| DATA IN THIS EXERCISE |
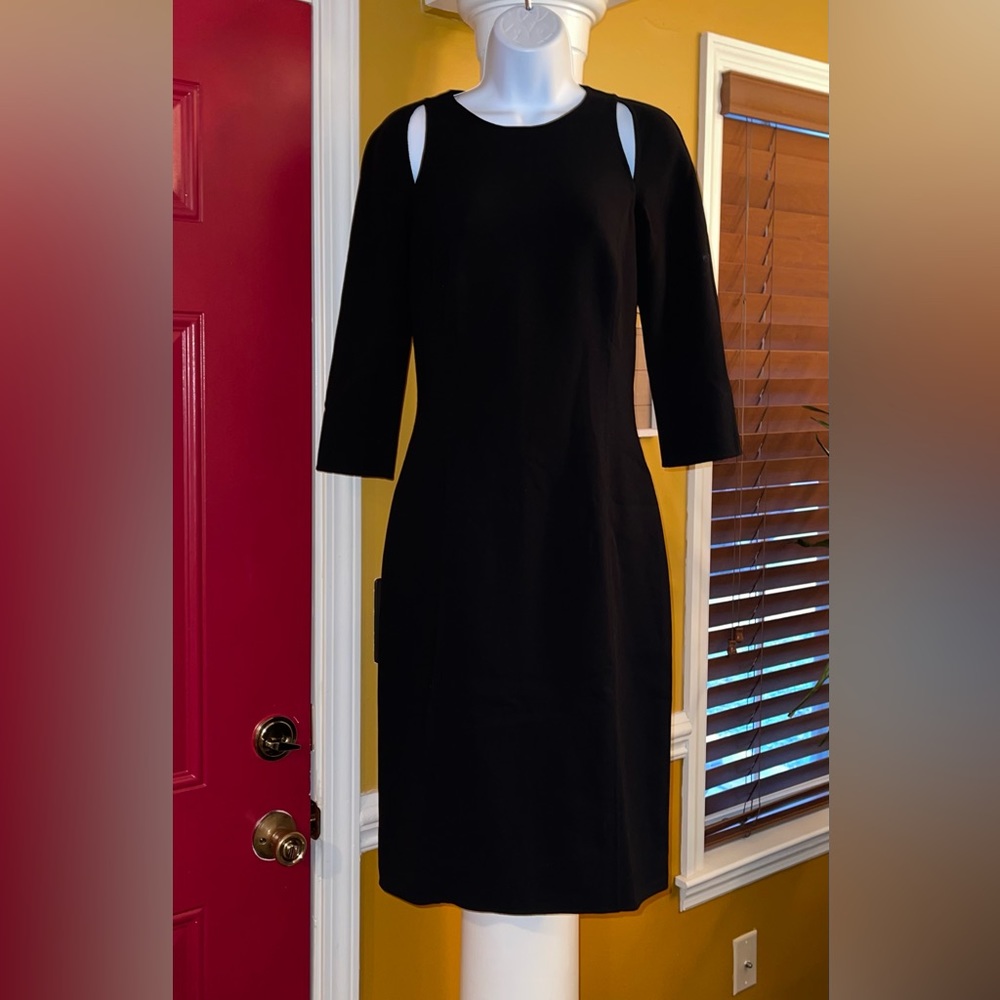 Michael Kors Cutout Dress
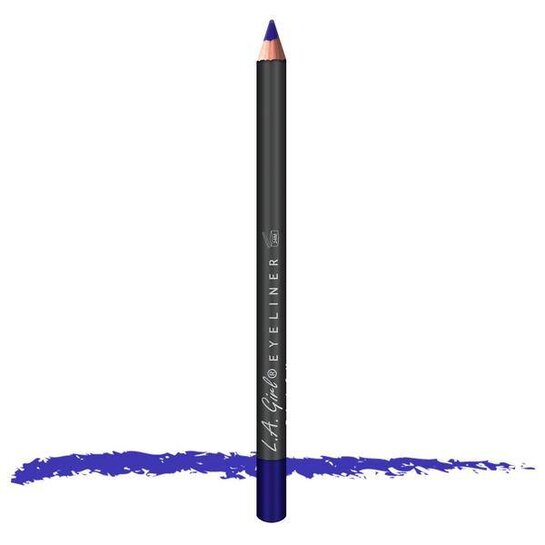 LA Girl Eyeliner Pencil Blue Metallic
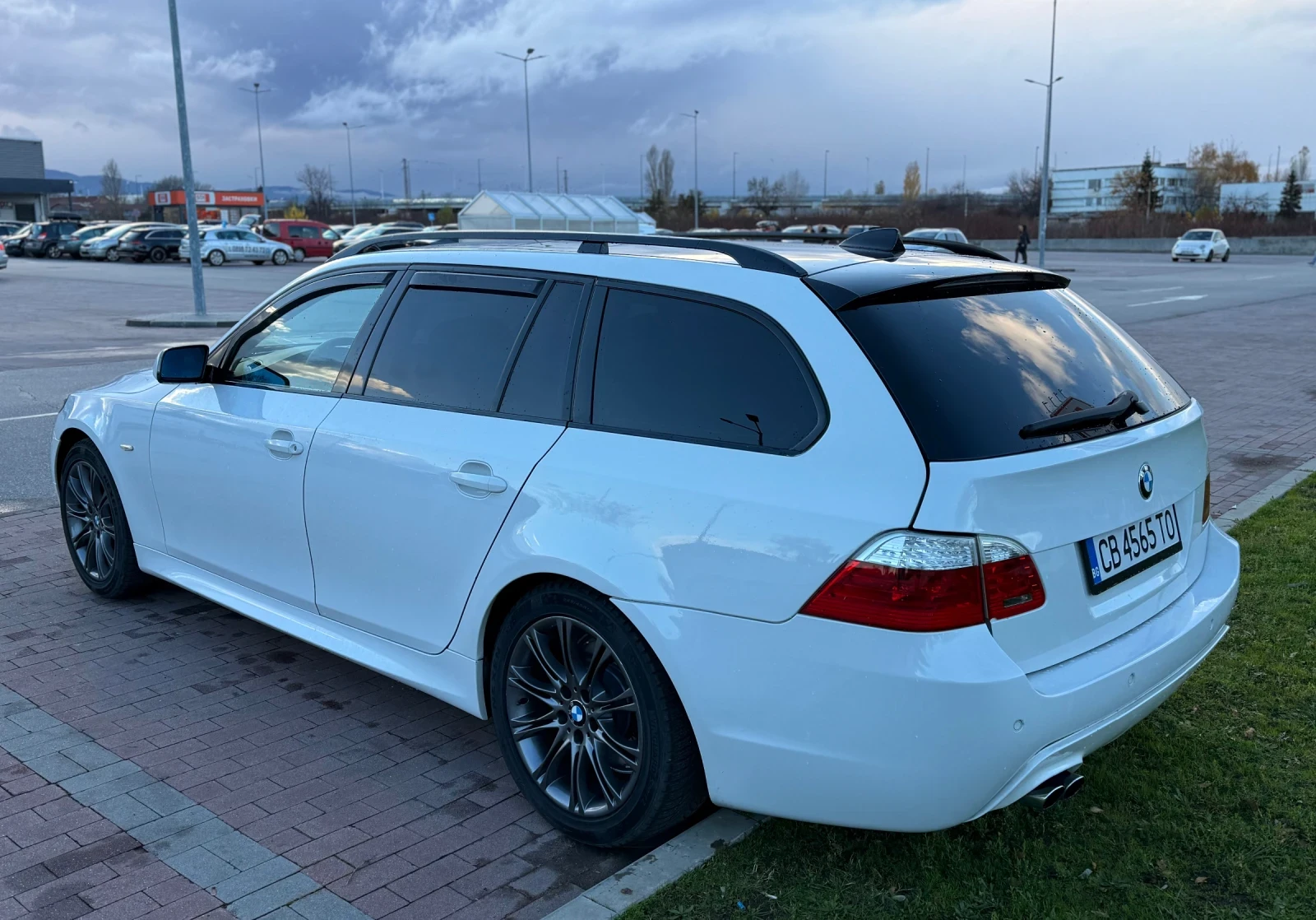 BMW 530 530XD LCI - изображение 6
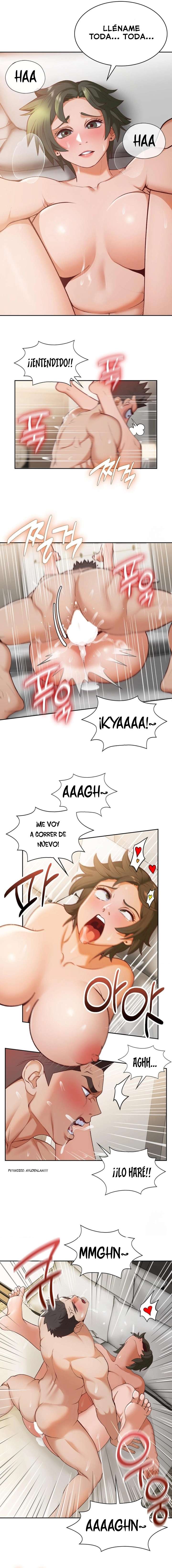 Corredores de Altura Capítulo 22 - Página 8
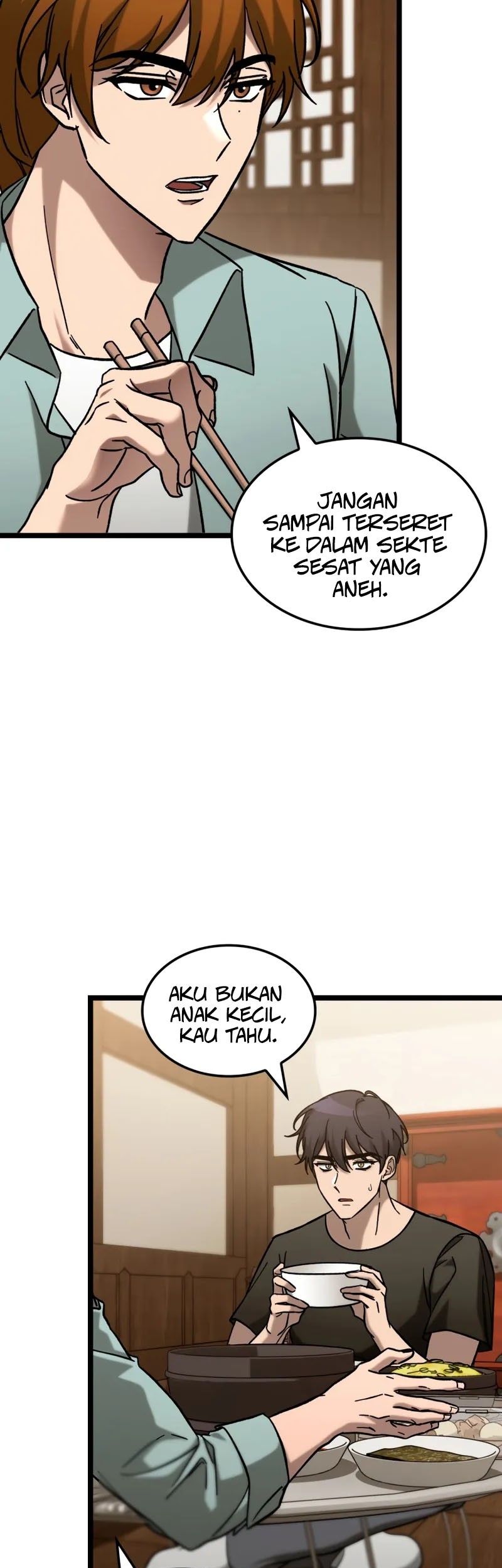 F-Class Destiny Hunter Bab 63 halaman 31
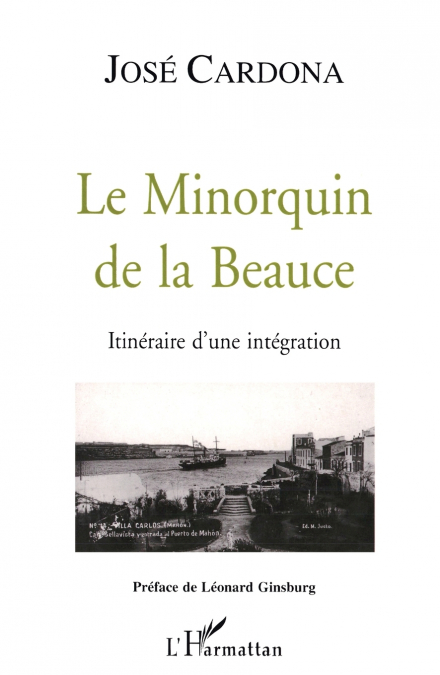 Le Minorquin de la Beauce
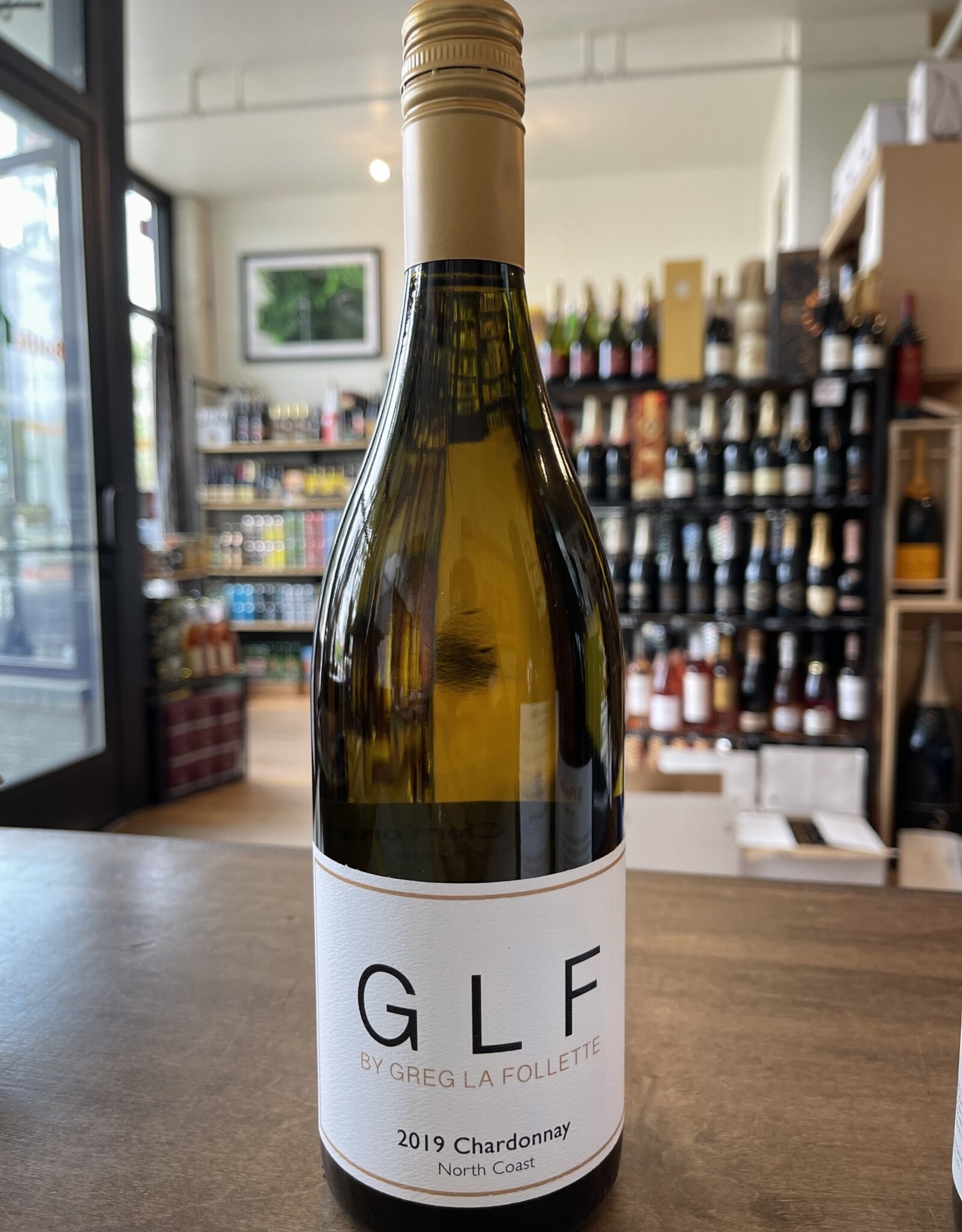 GLF Chardonnay, North Coast 2019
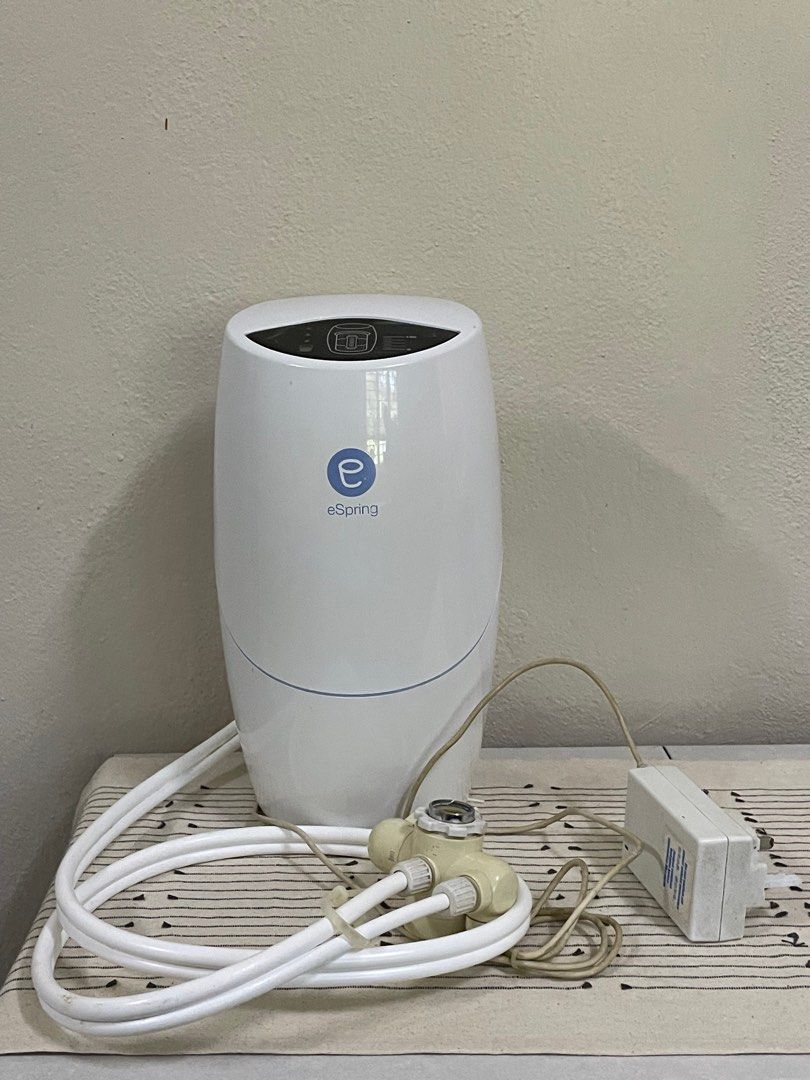 Amway eSpring Water Treatment System Original Used Working Unit, TV ...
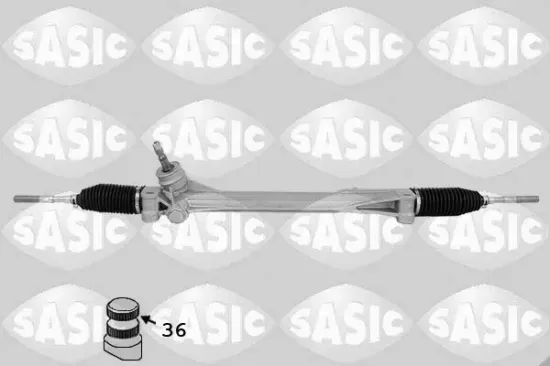 Lenkgetriebe SASIC 7376038 Bild Lenkgetriebe SASIC 7376038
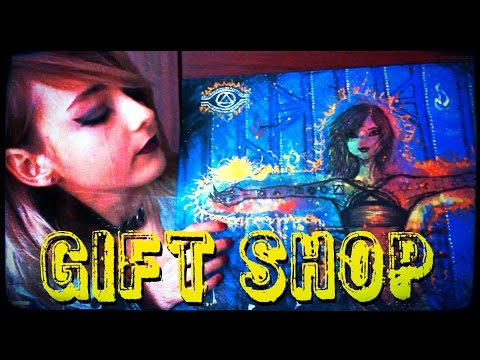 Return To The GIFT SHOP with Sage! :: ASMR ::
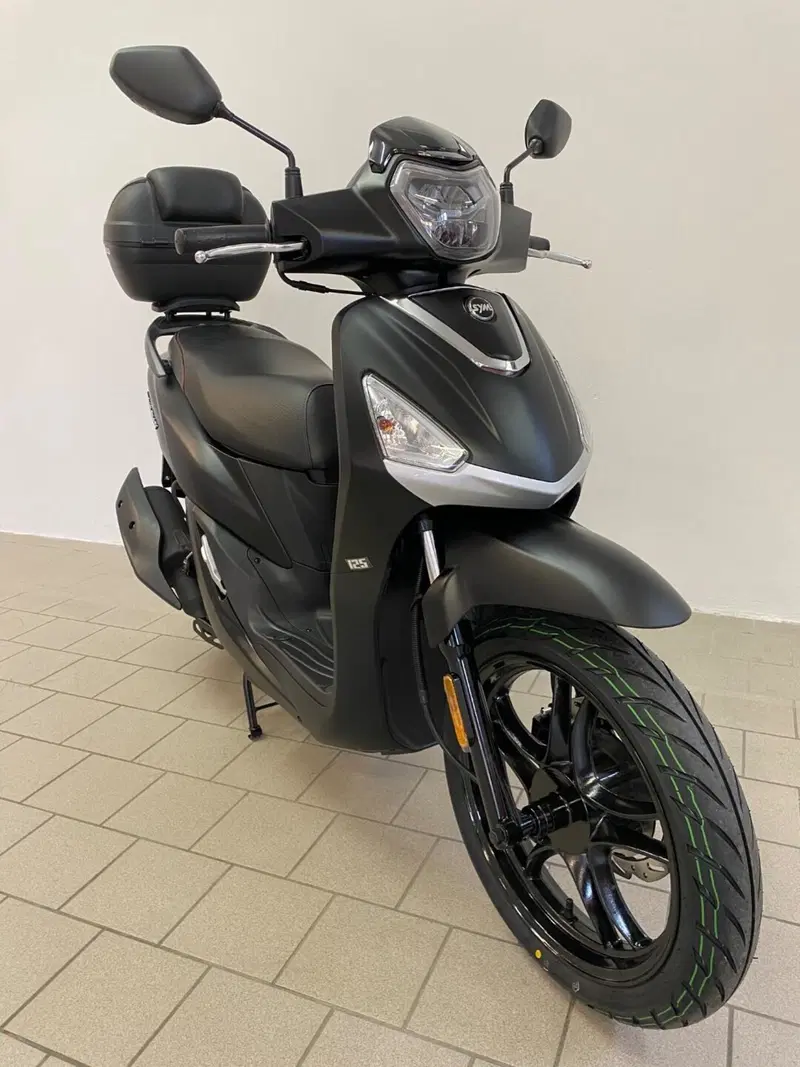 Sym Symphony 125 (2025 - 26) (2)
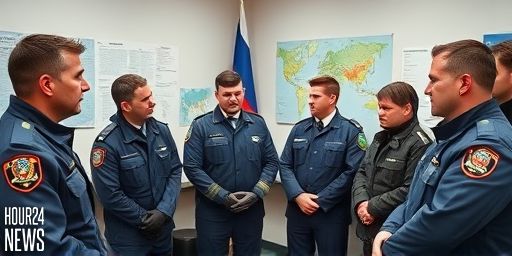 Russia Police Shortage: War’s Toll on Security Forces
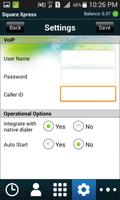 SquareXpress Mobile Dialer 포스터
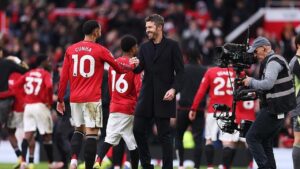 MU Hadapi Misi Sulit di Markas Arsenal: Bisakah Curi Poin di Emirates Stadium?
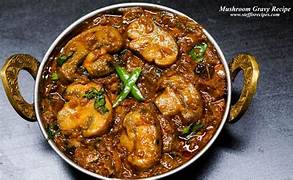 mushroom gravy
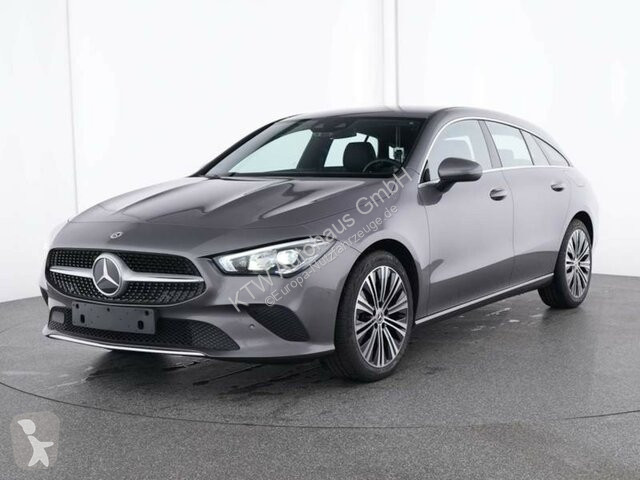 Samochód dostawczy Mercedes CLA 180 Shooting...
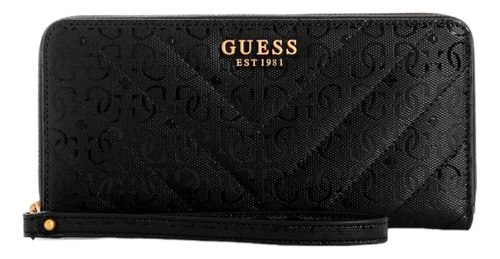 Cartera Guess Jania SLG Ga919946 Mujer Con Cierre Original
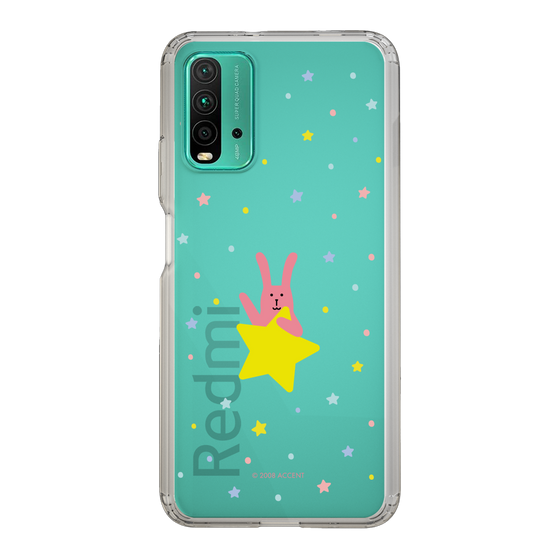 スリムプロテクションケース［ CRAFTHOLIC - Star - RAB ］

| WHAT IS NEEDED |
Make an exact copy of only those lines that run from the line with "Amway eSpring Water" through the end of the records, excluding pictures.

| PROBLEM SOLUTION |
 Amway eSpring Water Treatment System Original Used Working Unit, TV ...
 Lenkgetriebe SASIC 7376038 Bild Lenkgetriebe SASIC 7376038
 Return To The GIFT SHOP with Sage! :: ASMR ::
 Sym Symphony 125 (2025 - 26) (2)
 Russia Police Shortage: War’s Toll on Security Forces
 SquareXpress Mobile Dialer 포스터
 MU Hadapi Misi Sulit di Markas Arsenal: Bisakah Curi Poin di Emirates Stadium?
 mushroom gravy
 Samochód dostawczy Mercedes CLA 180 Shooting...
 Cartera Guess Jania SLG Ga919946 Mujer Con Cierre Original
 スリムプロテクションケース［ CRAFTHOLIC - Star - RAB ］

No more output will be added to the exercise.